Butchery is our profession, so to speak. Be it women, old folks, or children, we don’t discriminate. Bear gang they call us for a reason, and we have a reputation of honoring a murder contract even if a man has to be pulled out of his funeral pyre. Boss called the two of us last night and told us that this fatherless boy of sixteen must die, and we must chop his wings off. Between you and me, I am not squeamish. Been part of a raid before, when a kid as young as five came in my way, and I didn’t care about bleeding him for good. Blood runs hot in a siege and when you’re out to kill grown-ups, their children seem fair game. But what bothers me is that Boss chose Boka. Boasting is not my thing, so I won’t say that I am a great marksman no matter the light. But let it be known that I own the record of getting it in the eye of a rival while aiming from a moving bike. Be that as it may, I question this business of killing a fatherless kid when I wasn’t given an explanation.

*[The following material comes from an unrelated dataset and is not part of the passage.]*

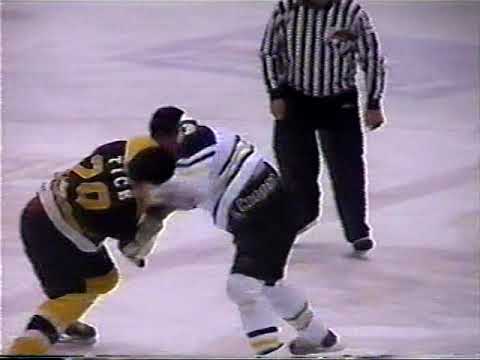 Cory Holland (Laval) vs Dan Tice (Sorel) 01-02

Bootlegging used to be our trade until the alcohol proportion went wrong one night and eighty-three people died. Before dawn, the police were after us, raiding our shop, houses, hangouts, and whatnot. Bihar was the place where we wanted to escape initially, because the law walks upside down there. But Boka at the last minute balked. Biharis are no friend of outsiders, he judged. Better off we’re in our own state than in a stranger’s land. Boy, to listen to him talk like that will make you think he has the wisdom of a sage. But his name is Boka, after all, and with a name like that you’re better off trying to persuade a cabbage.

Bihar or not, I just wanted to kick the police off our tail. Blundering through jungles and scavenging on berries are no fun ways to be. Businessmen we are, after all, and no bushmen of Kalahari. Boka has the stamina and agility of a wrestler. Burly like a bull he likes to call himself. But I, on the other hand, get winded easily if I have to walk uphill for more than ten minutes. Breakfast is my favorite meal of the day. But do you know what our morning meal was when we were on the run? Berries! Bloody four fucking times a day.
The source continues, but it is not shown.